In the case of lamb, particular attention should be paid to the composition of fatty acids with many saturated fatty acids. Lamb, like chicken, is not fundamentally unproblematic in terms of fat – as is often assumed.

wild

The situation with game meat is different. However, venison, peppers, venison and wild boar are rarely on the table in Germany, although the meat is actually very low in fat, rich in protein and rich in vitamins B1 and B2, potassium, magnesium, iron, zinc and selenium – and so healthy. Depending on the variety, it supplies only 100 to 160 kilocalories per 100 grams of fresh produce, while below ten grams of fat, about 60 milligrams of cholesterol and barely enough purine.

However, wild game should always be enjoyed well, as it may contain parasites, as warned by the Federal Bureau of Risk Assessment (BfR). Game exposure can still be high, depending on the region. "In wild boar, even today, isolated values ​​are measured that exceed the marketing limit of 600 Beckels per kilogram by more than ten times," reports the BfS Federal Office for Radiation Protection.

horse

Horse meat is also controversial, though it is very healthy with a high content of minerals, vitamins and protein, but low in fat (about two grams per 100 grams of meat) and low in cholesterol. Here are more psychological reasons why the flesh of popular sports animals is frowned upon, quite the opposite of France, where it is the desire for delicacy.

You can eat so much meat

Meat, then, is pretty healthy, "no one in principle has to give up meat because it's a valuable part of our diet," says the expert. However, it depends on the quantity, which means: less is more.

The DGE recommends that people who eat meat consume no more than 300 to 600 grams of meat and meat products per week. This applies to adults. Therefore, conveniently, eat lean meat for a few days, then eat meat. A serving of meat can weigh from 100 to 150 grams, a slice of sausage meat, depending on the variety from 15 to 25 grams.

"Meat makes sense in a complete diet because it can cover the need for many important nutrients through one food. These small amounts are sufficient for this. It is best to choose mostly plant foods and supplement them with animal foods," emphasizes Antje Gahl.

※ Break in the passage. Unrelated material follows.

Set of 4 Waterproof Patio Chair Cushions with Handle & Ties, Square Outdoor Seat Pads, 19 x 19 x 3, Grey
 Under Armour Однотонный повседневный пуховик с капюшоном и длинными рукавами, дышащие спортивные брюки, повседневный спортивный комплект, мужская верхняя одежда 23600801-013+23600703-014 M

Of course, not everyone has to eat meat. Those who prefer to eat vegetarian foods can be supplied with these nutrients through a targeted selection of various vegetables and fruits, whole grains, legumes, nuts and dairy products.

Organic meat or meat from conventional farming

Consuming meat in moderation is therefore quite healthy. It is not necessary to weigh one type of meat in relation to another. Diversity and your own taste, tastes and, not least, religion are important, emphasizes an ecotrophologist. The ecobalance of farming and animal welfare are also playing a role for more and more people, with key antibiotics, but also with pollution of manure and thus nitrates in groundwater.

Even fewer antibiotics can be used for organic livestock than for conventional livestock, where it has also been reduced recently. It is different with liquid manure, whether organic or oily, each animal produces just as much.

Best tip: Eat less animal foods and more plant foods. This way less resources are used, the environment is less burdensome, CO2Emissions would be significantly reduced. Particularly in meat production, much climate gas is produced that is even more harmful to the climate than CO2.

Half of meat consumption

But as mentioned above, Germany, with 60 kilograms of meat per capita per year, is far from the moderate DGE recommendations that account for most of half of this amount. Therefore, healthy meat consumption should be slightly higher than about 30 pounds a year – for the benefit of health, animals and the environment.